After lunch (obento, packaged box lunch, with cold green tea, all very tasty), we move into the afternoon MEMS session, which features speakers from in and outside Japan, with simultaneous interpretation services available in both English-to-Japanese and Japanese-to-English. (Simultaneous interpreters must be the hardest working folks in show business.)
I think heterogeneous integration is the way 3D-IC manufacturing techniques are going to launch into the commercial mainstream, and now there’s a Heterogeneous Technology Alliance (Malier, CEA-LETI) to put wind into those sails. I’ve said this before, but when you step outside US-centric thinking and look to see what Japan and the EU are doing with 3D-IC, it’s all about adding functional value, or introducing novel products, via heterogeneous integration. Don’t know why we don’t hear more about heterointegration from the home team sluggers. (Roger Grace has more to say on this subject – look for his piece in the February 2010 issue of Electronics Products.)
200mm MEMS makes sense (Cataby, SVTC).
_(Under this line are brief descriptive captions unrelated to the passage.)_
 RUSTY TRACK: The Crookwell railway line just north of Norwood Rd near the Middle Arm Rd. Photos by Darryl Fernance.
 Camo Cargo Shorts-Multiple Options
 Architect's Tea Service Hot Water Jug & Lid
So does CMORE (Witvrouw, IMEC).
And the Intel – Nanochip probe-based memory technology gets another mention. Probe-based memory seems to have more lives than cats, or more legs than millipedes. But it’s been a very long runway. A very long runway indeed.
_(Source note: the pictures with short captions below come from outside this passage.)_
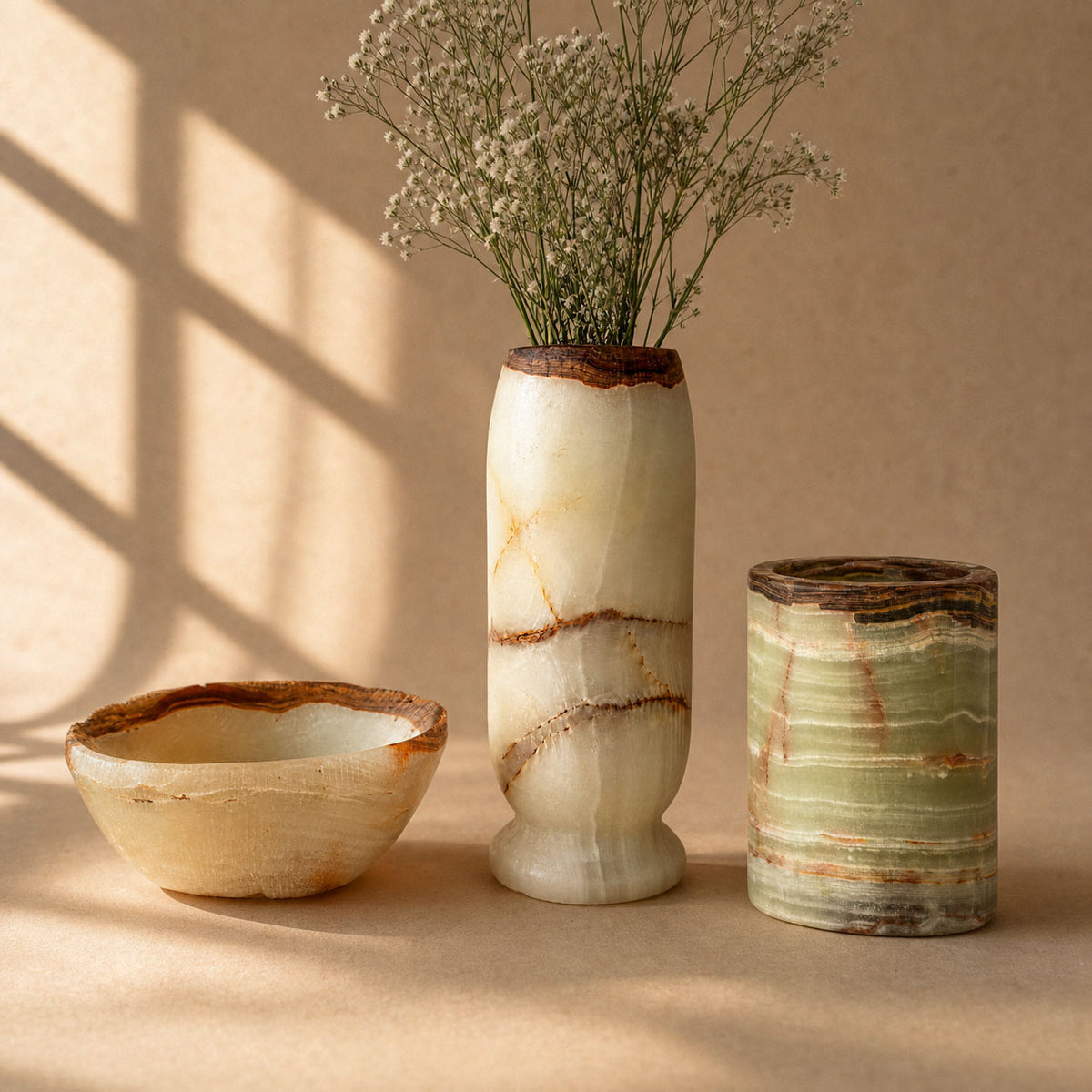 Ivory & brown swirl | SAÉA Onyx Trio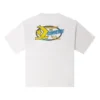 Retro Sail Boat Graphic T-shirt Asia Sizing “White”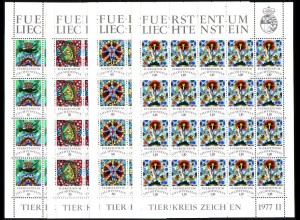 Liechtenstein Mi.Nr. Klbg.669-72 Tierkreiszeichen (II) (mit je 20 x 669-72)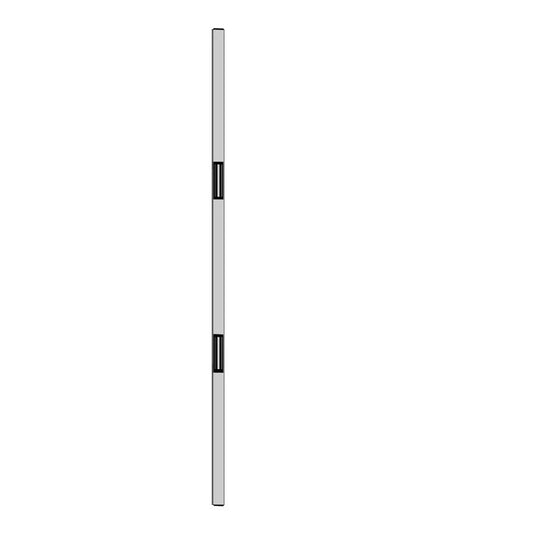 Serrure connectée tube em V 2X600 12/24V DC ch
Most interesting paper of the afternoon MEMS session? Hands-down it’s the paper on roll-to-roll printed MEMS (Kopola, VTT). (I have a great chat later over a few glasses of sake at the SEMI President’s reception with Harri and his colleague). Printed electronics, flexible substrates, printed MEMS displays, paper making and printing technology from Finland’s vast boreal forests industry. And world-class research institutes. That’s critical mass.
I like PZT. I like PZT-based actuators. I liked hearing about inkjet print heads with PZT actuators (Oh, Samsung).
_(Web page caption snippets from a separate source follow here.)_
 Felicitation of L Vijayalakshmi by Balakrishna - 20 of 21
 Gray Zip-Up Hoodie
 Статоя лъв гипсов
Not on the original agenda, but on today’s program, is the paper from SPP (Sumitomo Precision Products) on 300mm DRIE. Susumu Kaminaga, SPP’s President, is sitting directly in front of me; it’s one small world here for sure in this corner of the silicon DRIE equipment business. Does 300mm MEMS fabrication make sense? Hard to think so now, with so much room for MEMS fabrication still to grow into even 200mm wafer processing; less than 25% of all MEMS processing in 2008 is at 200mm, leaving a 75% share for 150mm fabrication and below, according to Yole Developpement and the Information Network. We’ll see. 300mm MEMS tools seem like big iron to me. Too big iron for now.
Which is the point I hope I make in my presentation, on a 3rd Generation ICP Source optimized for 200mm silicon DRIE work. Let’s do 200mm silicon DRIE even better than before, on 200mm tools.
Professor Esashi is such a force of nature that he is able to run through something like 45 slides in 15 minutes during his presentation on the great things in progress Sendai-way, leaving us all gasping for breath at the vast scope and breadth of his work at Tohoku University. Esashi-sensei, gambatte!
What’s the worst consequence for going last in a series of papers on similar topics? It’s often that the items you cover in your paper’s introduction have already been covered and covered again by the speakers before you. How to come out on top then in a situation like that? How about that every speaker before you used data you yourself produced and published?
Which is how it goes for Jean Christophe Eloy, Yole Developpement. Jean Christophe takes it nicely in stride, a true gallant, that many of his slides have already been used by this afternoon’s speakers, and we all laugh when we recognize the truth. No case of stolen thunder; rather, it’s like we’ve been following a broad stream of knowledge today, followed it straight up to its source.
We’ve achieved harmony.
From Makuhari Messe, Chiba, Japan, thanks for reading.